In contrast, conductors and plasmas are Larmor-diamagnetic. The charge carriers (electrons in metals, electrons and ions in plasmas) can move freely, so the magnetic field exerting forces on them bends them into current loops with oppositely directed magnetic moment. (There is also Langevin diamagnetism where the applied field induces some sort of precession of the orientation of a bound electron orbital, leading to a current, leading to a magnetic moment against the applied field)
(Also, there is ferromagnetism, in which a substance is very strongly and nonlinearly paramagnetic.

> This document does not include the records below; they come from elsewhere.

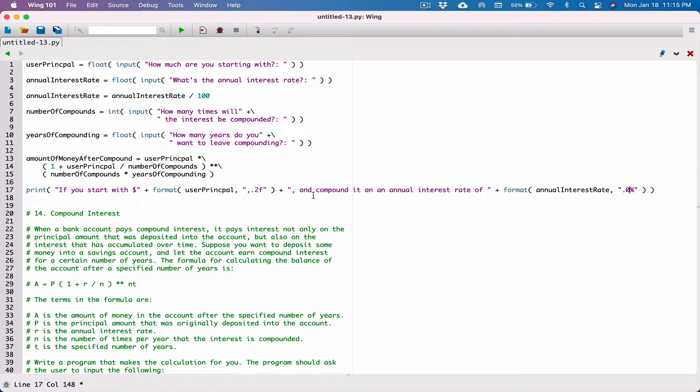If you start with this amount and compound it at an amount of interest rate of this percent.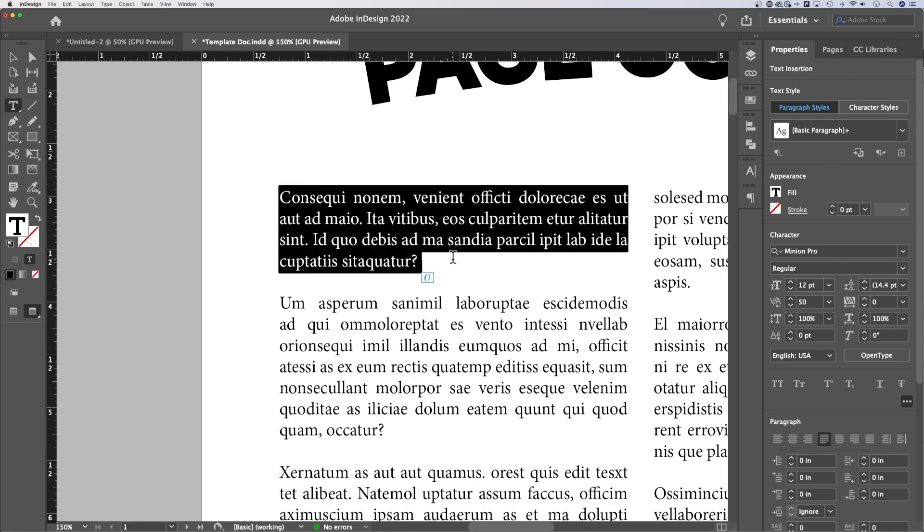So if we have a paragraph here, let's select this paragraph. The space between the lines is the leading and we can adjust the leading over here, the little A over the A with the double-ended arrow.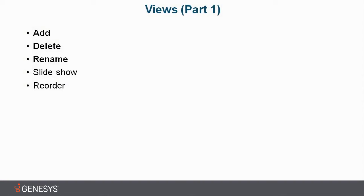One of the things I love about Interaction Desktop is it allows you to customize your screen. You can add your own workspaces, which we show in another video, but we can add our own views.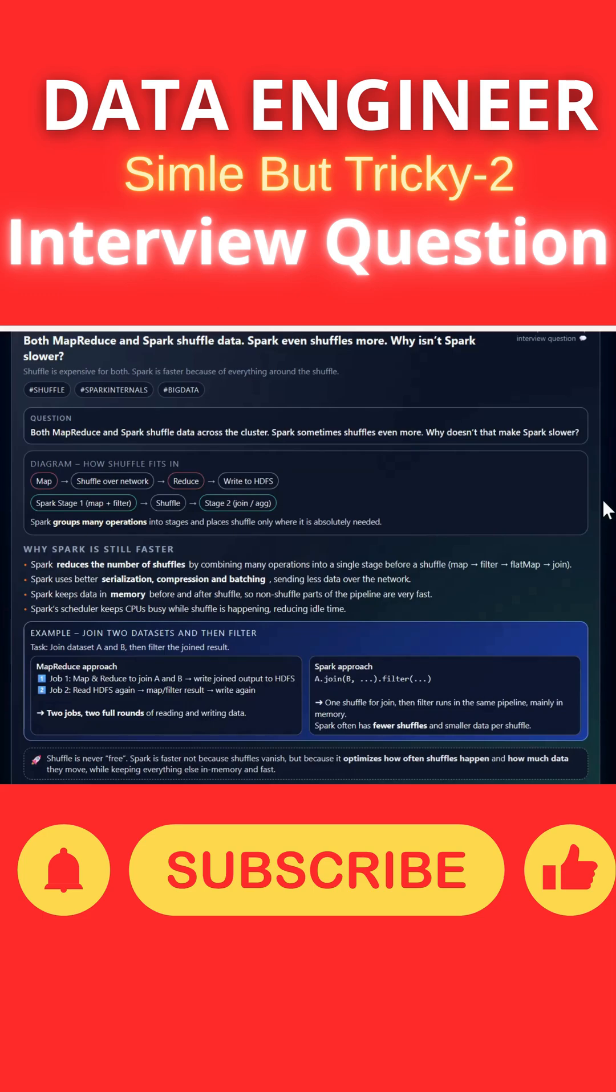Both MapReduce and Spark shuffle data across the cluster. Spark sometimes shuffles even more data compared to MapReduce. Why doesn't that make Spark much slower?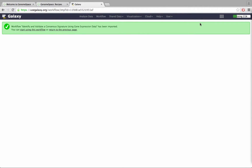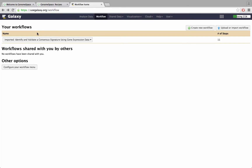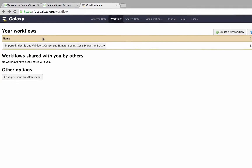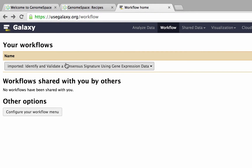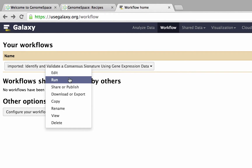To view your personal Galaxy workflows, click Use Workflow. The workflow should now appear in your personal list with the prefix Imported. Click the workflow, followed by Run to begin using it.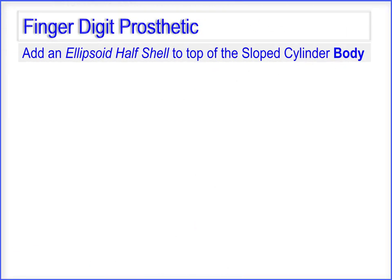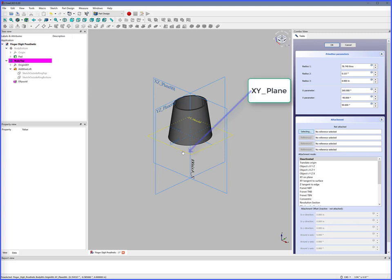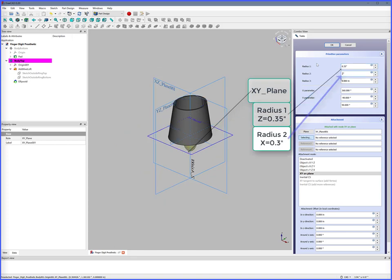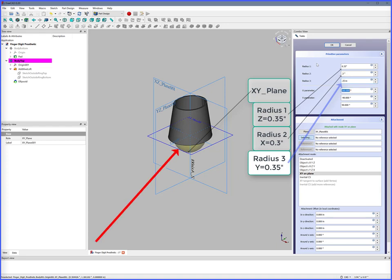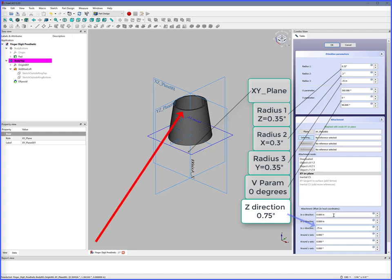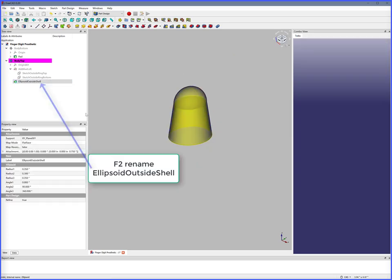Add an ellipsoid half shell to the top of the sloped cylinder body. Double click Body Top, Additive Ellipsoid, XY Plane. Radius 1 (Z axis) 0.35 inches, Radius 2 (X axis) 0.3 inches, Radius 3 (Y) 0.35 inches. See the ellipsoid projecting out of the bottom. V Param equals 0 degrees — this makes a half ellipsoid. In Z direction, 0.75 inches — this moves the half ellipsoid to the top. OK. F2 to rename to Ellipsoid Outside Shell.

I don’t have an extremely solid grasp on how this works yet, but it seems the bound charge carriers in the atoms (of which there are many unpaired) must be overcoming what the free charge carriers in the conduction band are doing to induce diamagnetism).
One of the things about paramagnetism that bugged me was that if you have a paramagnetic gas like Oxygen, where the atomic electron shells are widely separated, or an atomic system where the size of the relevant current loops is far smaller than the interatomic spacing of the system, then it isn’t obvious that a bunch of magnetic moment dipoles aligned with the B field would produce induced fields which reinforce the applied field internal to the substance.
One argument you could make is that:
1. far from the dipoles, outside the boundaries of the paramagnetic substance, the net action of all the magnetic dipoles produces a field opposing the applied field.
2. B fields are solenoidal (unless you have magnetic monopoles floating around in your substance, in which case there’s a bunch of guys in Sweden who might be looking for you….)
3. Therefore the average induced field in the substance must reinforce the applied field.
Or, you could, like me, want to see it. I like being able to see things, with my minds eye or otherwise. This matlab script produces a visualization of the induced field of a bunch of randomly distributed dipoles aligned along the +y axis, and in what regions the +y component is greater than 0.
It turns out that the fields of individual dipoles tend to link up in the body of the substance, pushing the region where they oppose the applied field outside of the boundaries of the substance.